The Tuurngait is a sentient extraterrestrial being residing in the shelter, that was discovered by the Archaic excavation team led by Philip's father in Greenland, Howard LaFresque. It has a hive-mind intellect that it manifests in "The Infected ", which are humans that are transformed into intelligent zombies to serve the Tuurngait.
Long before the arrival of the Archaic, the Tuurngait was worshipped by the Inuit, who believed it to be a benign spirit. However, when it was disturbed by the Archaic researchers, it spread itself through the ranks of the Shelter and turned them into husks that housed the Tuurngait's will within them. It tells Phillip at the end of Black Plague that it wishes no harm to humans, only wanting to be left alone. However, there are no signs that the Archaic actually wished harm to the Tuurngait, despite its claims to the contrary, and the notes found by the player all state that the Tuurngait virus was unleashed immediately after the discovery of the ruins.
This means that it's very possible that the virus was attempting to manipulate Phillip, which would explain why the monsters attempt to kill him throughout the series, despite the Tuurngait's statements that it wishes no harm. Left unexplained are the reasons that the Tuurngait felt it necessary to kill Clarence instead of simply reintegrating him, though this could be punishment for Clarence's separation from the Tuurngait in the first place, or that Clarence was unfit to be reintegrated (as the Tuurngait say "he was more human than he would have believed."). It's also unexplained why the animals in the first game were of lesser intelligence, according to Howard. The worms and spiders aren't explained either, but it seems likely that they were infected by the Tuurngait far earlier than when the Archaic set up shop there and mutated over time to fit its needs. Lastly, at the end of Black Plague, Philip seems to be succumbing to some form of infection, despite the Tuurngait's assurances that he was 'stronger' than Howard.
The Tuurngait's origins are unknown, remaining so throughout the series.
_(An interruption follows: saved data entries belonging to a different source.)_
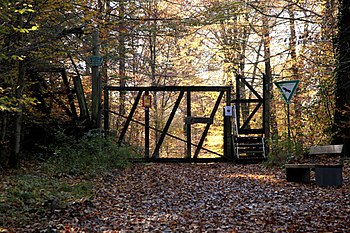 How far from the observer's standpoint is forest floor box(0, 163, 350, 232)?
5574 millimetres

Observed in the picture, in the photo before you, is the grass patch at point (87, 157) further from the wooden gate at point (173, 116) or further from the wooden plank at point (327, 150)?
the wooden plank at point (327, 150)

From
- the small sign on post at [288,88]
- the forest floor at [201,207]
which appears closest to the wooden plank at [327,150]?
the forest floor at [201,207]

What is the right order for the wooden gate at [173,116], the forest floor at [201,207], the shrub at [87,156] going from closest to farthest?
the forest floor at [201,207]
the shrub at [87,156]
the wooden gate at [173,116]

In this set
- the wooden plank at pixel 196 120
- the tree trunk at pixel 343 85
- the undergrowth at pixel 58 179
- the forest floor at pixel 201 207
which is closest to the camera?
the forest floor at pixel 201 207

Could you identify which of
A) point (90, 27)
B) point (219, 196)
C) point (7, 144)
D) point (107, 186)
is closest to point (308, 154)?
point (219, 196)

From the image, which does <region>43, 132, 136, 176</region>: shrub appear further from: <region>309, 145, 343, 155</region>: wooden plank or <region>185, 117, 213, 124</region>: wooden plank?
<region>309, 145, 343, 155</region>: wooden plank

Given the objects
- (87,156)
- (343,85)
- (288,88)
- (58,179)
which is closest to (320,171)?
(343,85)

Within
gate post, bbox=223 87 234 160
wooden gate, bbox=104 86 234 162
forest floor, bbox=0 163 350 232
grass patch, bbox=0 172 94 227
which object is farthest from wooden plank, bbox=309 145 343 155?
grass patch, bbox=0 172 94 227

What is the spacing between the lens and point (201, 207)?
23.0 ft

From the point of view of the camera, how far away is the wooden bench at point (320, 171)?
8.55m

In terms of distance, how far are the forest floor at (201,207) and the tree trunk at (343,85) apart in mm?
1212

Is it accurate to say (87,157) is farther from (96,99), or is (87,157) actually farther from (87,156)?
(96,99)

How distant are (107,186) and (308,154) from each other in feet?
21.2

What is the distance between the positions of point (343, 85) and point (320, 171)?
11.2ft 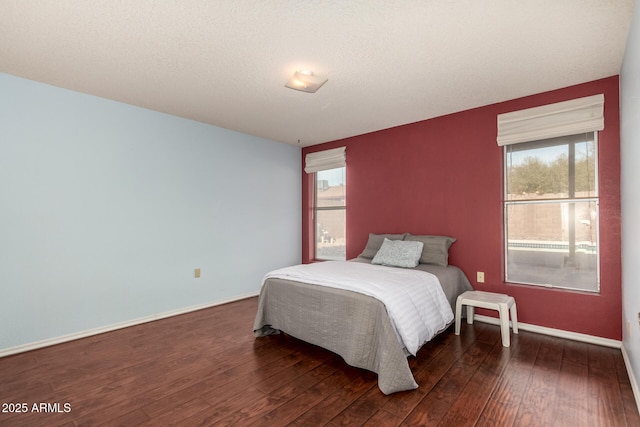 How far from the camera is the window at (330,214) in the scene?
478 centimetres

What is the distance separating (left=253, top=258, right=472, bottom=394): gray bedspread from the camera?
6.57ft

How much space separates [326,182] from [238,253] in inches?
72.1

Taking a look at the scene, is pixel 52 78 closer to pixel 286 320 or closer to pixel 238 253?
pixel 238 253

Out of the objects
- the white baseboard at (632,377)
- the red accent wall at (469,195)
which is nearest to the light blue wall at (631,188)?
the white baseboard at (632,377)

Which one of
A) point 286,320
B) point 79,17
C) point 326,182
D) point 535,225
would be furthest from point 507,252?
point 79,17

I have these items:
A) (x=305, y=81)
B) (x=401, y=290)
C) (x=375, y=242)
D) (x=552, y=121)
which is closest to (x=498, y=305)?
(x=401, y=290)

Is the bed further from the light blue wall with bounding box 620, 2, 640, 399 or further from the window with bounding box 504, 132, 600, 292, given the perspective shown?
the light blue wall with bounding box 620, 2, 640, 399

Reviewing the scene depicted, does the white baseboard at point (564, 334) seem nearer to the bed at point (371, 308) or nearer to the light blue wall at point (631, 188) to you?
the light blue wall at point (631, 188)

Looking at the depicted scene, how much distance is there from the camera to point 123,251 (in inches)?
127

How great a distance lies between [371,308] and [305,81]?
186 cm

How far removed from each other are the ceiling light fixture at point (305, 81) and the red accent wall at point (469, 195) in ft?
5.94

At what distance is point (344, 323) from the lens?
2.33 metres

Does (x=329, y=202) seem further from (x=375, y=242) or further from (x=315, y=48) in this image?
(x=315, y=48)

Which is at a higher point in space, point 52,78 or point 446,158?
point 52,78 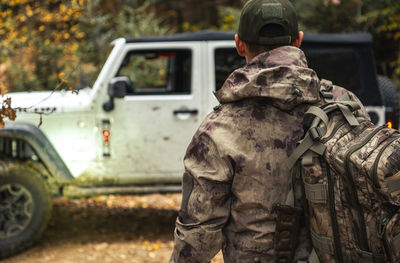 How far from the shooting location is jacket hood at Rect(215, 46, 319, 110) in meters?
1.63

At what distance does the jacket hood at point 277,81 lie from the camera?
→ 1.63 m

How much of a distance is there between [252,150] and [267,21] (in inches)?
16.7

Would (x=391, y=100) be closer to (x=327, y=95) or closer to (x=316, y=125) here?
(x=327, y=95)

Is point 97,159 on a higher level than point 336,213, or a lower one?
lower

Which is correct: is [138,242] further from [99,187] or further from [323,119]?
[323,119]

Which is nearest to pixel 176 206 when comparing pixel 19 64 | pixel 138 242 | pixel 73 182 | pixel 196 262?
pixel 138 242

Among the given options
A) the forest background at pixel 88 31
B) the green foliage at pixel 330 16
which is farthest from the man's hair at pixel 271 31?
the green foliage at pixel 330 16

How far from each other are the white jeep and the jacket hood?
10.8 ft

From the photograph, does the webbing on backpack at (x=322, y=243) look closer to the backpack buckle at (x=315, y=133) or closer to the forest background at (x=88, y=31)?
the backpack buckle at (x=315, y=133)

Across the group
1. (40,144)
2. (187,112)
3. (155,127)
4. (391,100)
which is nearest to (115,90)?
(155,127)

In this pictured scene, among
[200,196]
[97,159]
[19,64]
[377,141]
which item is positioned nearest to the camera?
[377,141]

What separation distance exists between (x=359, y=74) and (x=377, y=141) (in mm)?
3959

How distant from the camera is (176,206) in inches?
264

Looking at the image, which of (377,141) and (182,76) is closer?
(377,141) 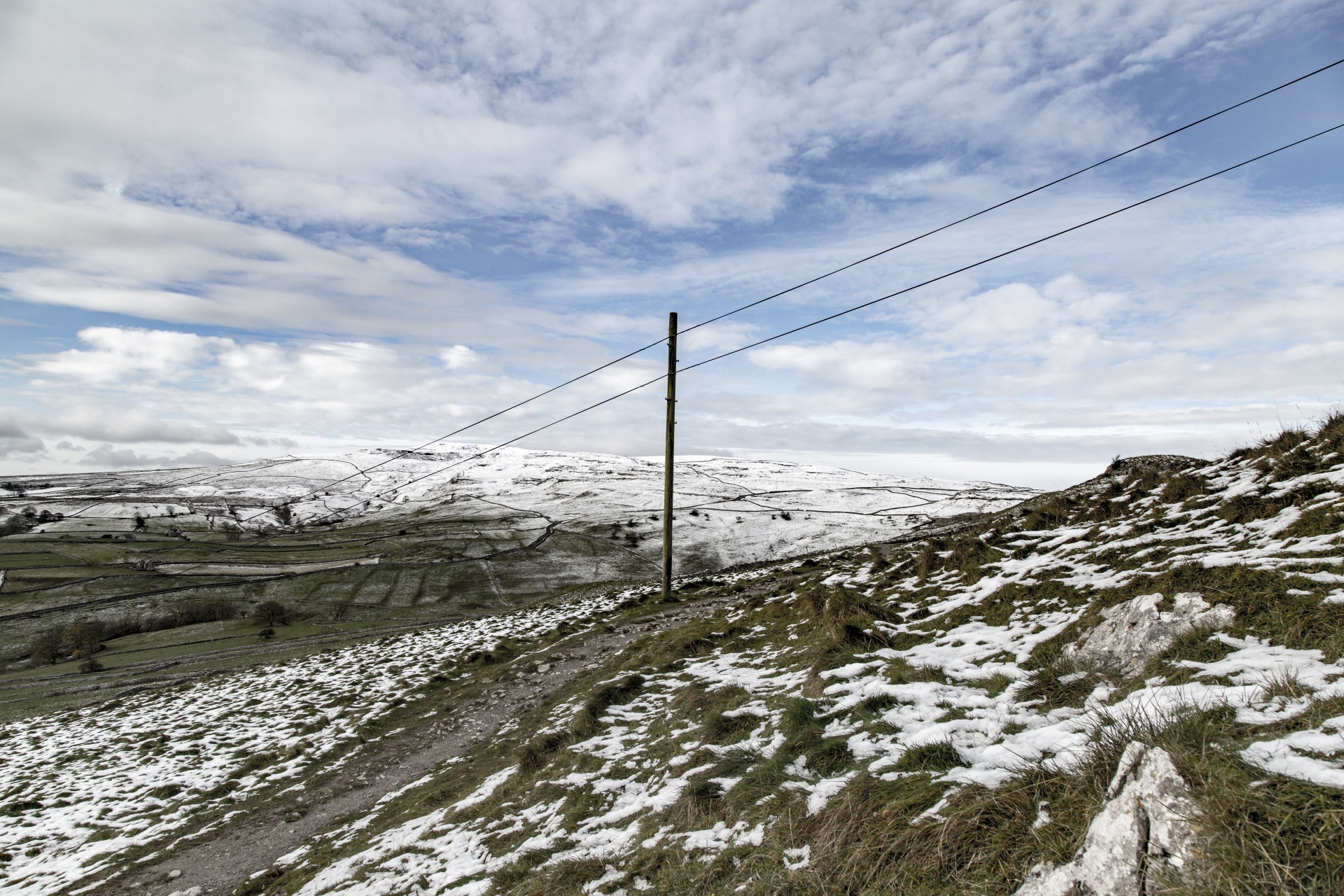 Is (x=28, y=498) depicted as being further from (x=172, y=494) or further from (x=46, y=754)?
(x=46, y=754)

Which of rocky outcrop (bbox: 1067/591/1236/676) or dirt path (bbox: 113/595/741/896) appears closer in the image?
rocky outcrop (bbox: 1067/591/1236/676)

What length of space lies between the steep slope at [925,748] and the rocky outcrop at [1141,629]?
4 cm

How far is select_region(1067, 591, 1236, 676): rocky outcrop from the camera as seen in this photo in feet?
23.1

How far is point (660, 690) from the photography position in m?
13.5

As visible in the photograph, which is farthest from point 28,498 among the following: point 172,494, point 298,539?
point 298,539

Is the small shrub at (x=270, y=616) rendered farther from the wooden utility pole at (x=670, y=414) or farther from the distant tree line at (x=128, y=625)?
the wooden utility pole at (x=670, y=414)

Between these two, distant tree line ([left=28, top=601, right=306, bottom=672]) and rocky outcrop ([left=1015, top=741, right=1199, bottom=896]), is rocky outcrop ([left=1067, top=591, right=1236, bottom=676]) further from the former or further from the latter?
distant tree line ([left=28, top=601, right=306, bottom=672])

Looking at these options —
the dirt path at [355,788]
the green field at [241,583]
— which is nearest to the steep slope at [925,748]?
the dirt path at [355,788]

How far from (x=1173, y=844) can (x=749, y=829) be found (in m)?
4.00

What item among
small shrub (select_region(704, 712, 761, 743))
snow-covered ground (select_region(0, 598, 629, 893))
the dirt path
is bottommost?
snow-covered ground (select_region(0, 598, 629, 893))

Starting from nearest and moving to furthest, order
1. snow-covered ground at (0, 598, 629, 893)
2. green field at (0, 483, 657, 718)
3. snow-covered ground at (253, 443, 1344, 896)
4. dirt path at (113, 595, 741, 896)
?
1. snow-covered ground at (253, 443, 1344, 896)
2. dirt path at (113, 595, 741, 896)
3. snow-covered ground at (0, 598, 629, 893)
4. green field at (0, 483, 657, 718)

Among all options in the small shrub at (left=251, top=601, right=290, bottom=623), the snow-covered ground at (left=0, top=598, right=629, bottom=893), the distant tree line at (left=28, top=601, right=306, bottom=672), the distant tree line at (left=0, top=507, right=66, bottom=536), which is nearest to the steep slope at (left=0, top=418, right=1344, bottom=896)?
the snow-covered ground at (left=0, top=598, right=629, bottom=893)

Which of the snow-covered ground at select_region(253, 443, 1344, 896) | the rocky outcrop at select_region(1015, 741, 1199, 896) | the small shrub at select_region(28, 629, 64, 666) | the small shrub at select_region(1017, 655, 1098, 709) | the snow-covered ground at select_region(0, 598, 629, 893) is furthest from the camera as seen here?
the small shrub at select_region(28, 629, 64, 666)

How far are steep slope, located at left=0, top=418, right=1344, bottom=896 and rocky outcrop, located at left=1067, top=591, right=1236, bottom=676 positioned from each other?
39 millimetres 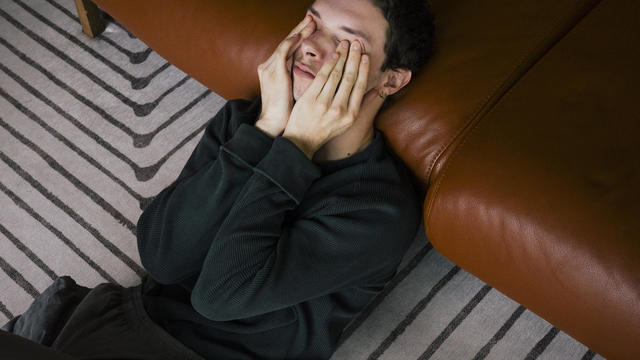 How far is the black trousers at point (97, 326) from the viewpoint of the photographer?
1.05 m

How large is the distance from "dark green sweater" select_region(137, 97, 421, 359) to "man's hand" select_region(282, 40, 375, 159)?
0.04 meters

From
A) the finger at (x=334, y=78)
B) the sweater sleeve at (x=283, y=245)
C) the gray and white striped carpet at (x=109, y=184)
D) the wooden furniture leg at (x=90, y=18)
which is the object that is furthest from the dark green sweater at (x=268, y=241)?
the wooden furniture leg at (x=90, y=18)

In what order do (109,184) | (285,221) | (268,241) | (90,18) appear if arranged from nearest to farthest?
1. (268,241)
2. (285,221)
3. (109,184)
4. (90,18)

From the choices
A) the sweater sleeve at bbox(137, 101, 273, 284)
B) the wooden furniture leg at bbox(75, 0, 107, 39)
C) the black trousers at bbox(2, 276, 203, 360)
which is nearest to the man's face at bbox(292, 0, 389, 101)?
the sweater sleeve at bbox(137, 101, 273, 284)

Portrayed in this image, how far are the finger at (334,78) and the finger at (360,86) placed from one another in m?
0.03

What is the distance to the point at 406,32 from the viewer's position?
3.78ft

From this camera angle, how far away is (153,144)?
1660 millimetres

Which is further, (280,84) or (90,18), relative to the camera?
(90,18)

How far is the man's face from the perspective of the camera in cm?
111

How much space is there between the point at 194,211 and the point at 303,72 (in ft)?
1.05

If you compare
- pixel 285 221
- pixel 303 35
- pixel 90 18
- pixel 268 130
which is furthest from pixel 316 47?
pixel 90 18

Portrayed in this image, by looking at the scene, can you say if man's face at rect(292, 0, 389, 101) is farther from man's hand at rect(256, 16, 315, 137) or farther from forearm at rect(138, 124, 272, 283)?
forearm at rect(138, 124, 272, 283)

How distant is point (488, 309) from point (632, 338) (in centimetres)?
41

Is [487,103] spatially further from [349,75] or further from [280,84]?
[280,84] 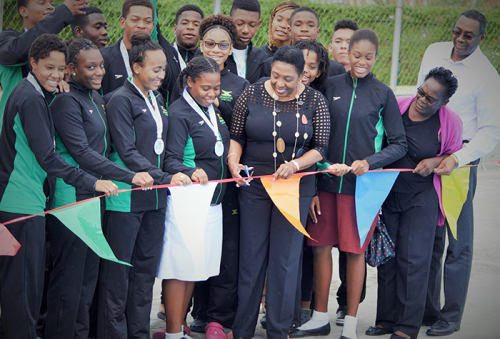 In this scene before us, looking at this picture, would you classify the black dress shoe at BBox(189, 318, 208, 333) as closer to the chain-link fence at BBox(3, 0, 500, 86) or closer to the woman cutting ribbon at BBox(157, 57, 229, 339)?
the woman cutting ribbon at BBox(157, 57, 229, 339)

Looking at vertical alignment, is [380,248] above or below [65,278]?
above

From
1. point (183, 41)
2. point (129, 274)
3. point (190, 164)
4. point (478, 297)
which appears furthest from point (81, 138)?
point (478, 297)

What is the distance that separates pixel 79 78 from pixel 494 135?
3.54m

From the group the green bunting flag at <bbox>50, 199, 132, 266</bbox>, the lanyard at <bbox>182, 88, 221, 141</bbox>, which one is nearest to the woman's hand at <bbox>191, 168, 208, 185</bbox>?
the lanyard at <bbox>182, 88, 221, 141</bbox>

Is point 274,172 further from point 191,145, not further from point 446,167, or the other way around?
point 446,167

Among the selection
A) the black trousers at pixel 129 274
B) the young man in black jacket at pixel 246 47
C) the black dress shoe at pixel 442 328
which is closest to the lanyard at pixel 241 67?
the young man in black jacket at pixel 246 47

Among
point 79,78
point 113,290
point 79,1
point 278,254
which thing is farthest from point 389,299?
point 79,1

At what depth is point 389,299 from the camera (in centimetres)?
473

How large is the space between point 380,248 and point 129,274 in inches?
82.2

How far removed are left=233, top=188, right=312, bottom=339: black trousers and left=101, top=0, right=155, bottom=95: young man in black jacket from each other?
4.76ft

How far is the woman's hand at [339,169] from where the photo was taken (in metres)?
4.32

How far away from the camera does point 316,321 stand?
4.62 m

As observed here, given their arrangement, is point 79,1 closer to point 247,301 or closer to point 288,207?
point 288,207

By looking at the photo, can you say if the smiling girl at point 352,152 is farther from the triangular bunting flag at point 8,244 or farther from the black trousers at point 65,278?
the triangular bunting flag at point 8,244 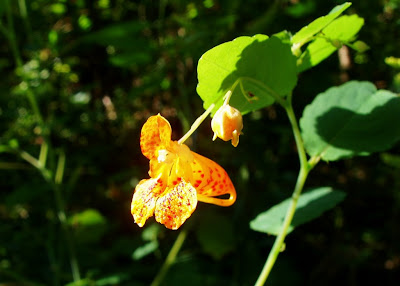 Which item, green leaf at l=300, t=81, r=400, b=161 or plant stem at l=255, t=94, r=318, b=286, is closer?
plant stem at l=255, t=94, r=318, b=286

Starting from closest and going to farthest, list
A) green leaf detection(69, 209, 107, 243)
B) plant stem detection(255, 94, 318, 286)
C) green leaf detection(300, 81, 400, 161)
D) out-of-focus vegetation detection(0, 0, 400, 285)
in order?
plant stem detection(255, 94, 318, 286) → green leaf detection(300, 81, 400, 161) → out-of-focus vegetation detection(0, 0, 400, 285) → green leaf detection(69, 209, 107, 243)

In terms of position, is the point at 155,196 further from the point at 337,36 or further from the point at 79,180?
the point at 79,180

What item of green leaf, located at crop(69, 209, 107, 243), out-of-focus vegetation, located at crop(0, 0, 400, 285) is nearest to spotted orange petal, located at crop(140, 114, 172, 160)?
out-of-focus vegetation, located at crop(0, 0, 400, 285)

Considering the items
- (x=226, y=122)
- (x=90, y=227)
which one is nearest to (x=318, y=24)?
(x=226, y=122)

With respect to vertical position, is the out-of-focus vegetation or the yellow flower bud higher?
the yellow flower bud

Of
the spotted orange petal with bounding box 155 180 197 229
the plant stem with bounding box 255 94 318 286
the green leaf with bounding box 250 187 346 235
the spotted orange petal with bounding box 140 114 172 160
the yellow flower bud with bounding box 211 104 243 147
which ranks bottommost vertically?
the green leaf with bounding box 250 187 346 235

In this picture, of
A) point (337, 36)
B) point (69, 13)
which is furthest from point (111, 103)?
point (337, 36)

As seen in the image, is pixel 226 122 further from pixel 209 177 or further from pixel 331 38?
pixel 331 38

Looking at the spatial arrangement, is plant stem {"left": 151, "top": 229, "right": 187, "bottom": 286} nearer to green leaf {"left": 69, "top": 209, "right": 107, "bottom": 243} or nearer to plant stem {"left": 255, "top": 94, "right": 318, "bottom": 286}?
green leaf {"left": 69, "top": 209, "right": 107, "bottom": 243} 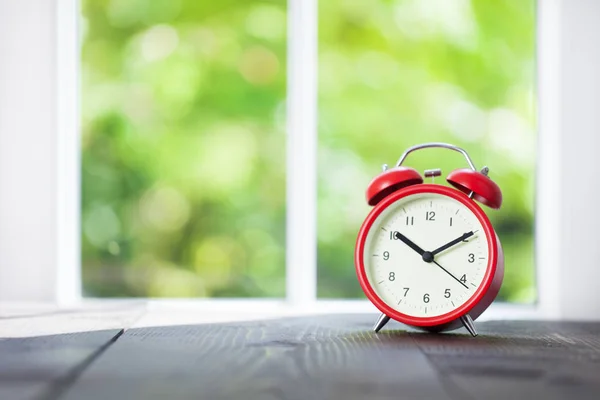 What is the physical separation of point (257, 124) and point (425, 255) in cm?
78

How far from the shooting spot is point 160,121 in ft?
7.15

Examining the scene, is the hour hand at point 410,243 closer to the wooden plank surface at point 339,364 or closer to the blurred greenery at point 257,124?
the wooden plank surface at point 339,364

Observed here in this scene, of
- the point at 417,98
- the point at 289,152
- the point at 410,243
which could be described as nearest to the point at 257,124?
the point at 289,152

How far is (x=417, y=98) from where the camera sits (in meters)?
2.14

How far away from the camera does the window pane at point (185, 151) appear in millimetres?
2162

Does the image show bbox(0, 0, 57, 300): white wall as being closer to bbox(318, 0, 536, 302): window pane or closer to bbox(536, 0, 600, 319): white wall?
bbox(318, 0, 536, 302): window pane

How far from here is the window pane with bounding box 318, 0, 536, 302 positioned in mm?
2129

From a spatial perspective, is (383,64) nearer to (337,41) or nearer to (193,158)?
(337,41)

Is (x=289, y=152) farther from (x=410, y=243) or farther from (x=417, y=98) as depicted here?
(x=410, y=243)

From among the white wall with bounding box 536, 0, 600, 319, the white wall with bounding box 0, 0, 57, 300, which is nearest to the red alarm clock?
the white wall with bounding box 536, 0, 600, 319

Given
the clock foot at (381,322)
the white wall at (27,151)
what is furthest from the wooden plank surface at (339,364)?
the white wall at (27,151)

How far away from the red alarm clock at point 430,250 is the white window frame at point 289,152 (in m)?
0.51

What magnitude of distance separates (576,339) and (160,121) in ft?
4.07

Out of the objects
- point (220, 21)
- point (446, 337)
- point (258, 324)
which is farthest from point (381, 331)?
point (220, 21) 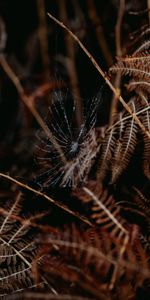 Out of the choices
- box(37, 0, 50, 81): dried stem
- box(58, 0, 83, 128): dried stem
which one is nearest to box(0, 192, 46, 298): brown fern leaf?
box(58, 0, 83, 128): dried stem

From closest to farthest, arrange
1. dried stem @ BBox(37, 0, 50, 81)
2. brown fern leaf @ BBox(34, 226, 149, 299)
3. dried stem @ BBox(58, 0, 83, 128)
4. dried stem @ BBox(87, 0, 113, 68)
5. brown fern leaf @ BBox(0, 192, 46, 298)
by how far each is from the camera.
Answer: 1. brown fern leaf @ BBox(34, 226, 149, 299)
2. brown fern leaf @ BBox(0, 192, 46, 298)
3. dried stem @ BBox(87, 0, 113, 68)
4. dried stem @ BBox(58, 0, 83, 128)
5. dried stem @ BBox(37, 0, 50, 81)

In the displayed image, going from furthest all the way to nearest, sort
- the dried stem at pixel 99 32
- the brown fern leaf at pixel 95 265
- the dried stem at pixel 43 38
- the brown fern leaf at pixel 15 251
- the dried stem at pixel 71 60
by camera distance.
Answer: the dried stem at pixel 43 38, the dried stem at pixel 71 60, the dried stem at pixel 99 32, the brown fern leaf at pixel 15 251, the brown fern leaf at pixel 95 265

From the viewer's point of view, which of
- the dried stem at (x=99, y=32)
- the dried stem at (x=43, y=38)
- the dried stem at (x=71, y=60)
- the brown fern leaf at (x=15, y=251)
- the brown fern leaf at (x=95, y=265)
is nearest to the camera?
the brown fern leaf at (x=95, y=265)

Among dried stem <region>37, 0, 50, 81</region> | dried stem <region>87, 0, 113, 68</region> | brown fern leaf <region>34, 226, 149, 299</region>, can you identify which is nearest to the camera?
brown fern leaf <region>34, 226, 149, 299</region>

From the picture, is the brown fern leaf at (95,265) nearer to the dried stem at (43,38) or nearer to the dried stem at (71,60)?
the dried stem at (71,60)

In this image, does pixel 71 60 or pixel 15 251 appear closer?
pixel 15 251

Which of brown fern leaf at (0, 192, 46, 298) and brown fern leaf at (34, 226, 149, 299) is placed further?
brown fern leaf at (0, 192, 46, 298)

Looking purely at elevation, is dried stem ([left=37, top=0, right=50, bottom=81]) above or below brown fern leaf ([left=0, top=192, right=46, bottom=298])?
above

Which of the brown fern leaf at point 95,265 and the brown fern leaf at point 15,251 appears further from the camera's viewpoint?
the brown fern leaf at point 15,251

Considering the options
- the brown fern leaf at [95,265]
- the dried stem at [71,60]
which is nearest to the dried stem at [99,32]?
the dried stem at [71,60]

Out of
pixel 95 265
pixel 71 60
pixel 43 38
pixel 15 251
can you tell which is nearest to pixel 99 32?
pixel 71 60

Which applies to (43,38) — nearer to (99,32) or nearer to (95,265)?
(99,32)

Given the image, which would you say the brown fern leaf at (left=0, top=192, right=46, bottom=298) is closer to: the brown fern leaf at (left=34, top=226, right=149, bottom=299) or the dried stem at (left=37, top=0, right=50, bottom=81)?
the brown fern leaf at (left=34, top=226, right=149, bottom=299)

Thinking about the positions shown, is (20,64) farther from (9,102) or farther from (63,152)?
(63,152)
Tuurngait is actually part of Inuit Mythology
Some spirits were by nature unconnected to physical bodies. These figures were called tuurngait (also tornait, tornat, tornrait, singular tuurngaq, torngak, tornrak, tarngek). Some were helping spirits that could be called upon in times of need. Some were evil and monstrous, responsible for bad hunts and broken tools. They could also possess humans, as recounted in the story of Atanarjuat. An angakkuq with good intentions could use them to heal sickness, and find animals to hunt and feed the community. He or she could fight or exorcise bad tuurngait, or they could be held at bay by rituals; However, an angakkuq with harmful intentions could also use "tuurngait" for their own personal gain, or to attack other people and their tuurngait.
Though once Tuurngait simply meant "helping spirit", it has, with Christianisation, taken on the meaning of demon in the Christian belief system.
Tuurngait ArtifactsEditStrange Artifacts scattered across the game are actually Tuurngait artifacts. Dr. Amabel Swanson said that those strange artifacts can spread the virus. Artifacts origins are unexplained fully.
These strange artifacts can be collected and when you found them all — in the end of the game, you will unlock the secret password for secret developer stuff and a secret game called Schmup.
PS: You have to use secret password on the super_secret.exe
Strange Cylindrical Artifacts are to be seen in the three Penumbra games, and Amnesia: The Dark Descent. These artifacts are Tuurngait in origin, and, in Penumbra, save the game when clicked. They are thought to absorb the memory and flesh of humans who touch them. They also resurrect Philip if he dies.
Their origin is mostly unknown; however, it's possible that they do not exist, or at least do not have the effect of reviving Philip, within the canon universe, as Philip isn't resurrected after the end of Penumbra: Black Plague.
In Amnesia: The Dark Descent, several remarkably similar artifacts exist scattered throughout the castle. Instead of saving the game, however, they play back pieces of Alexander Von Brenenburg's thoughts.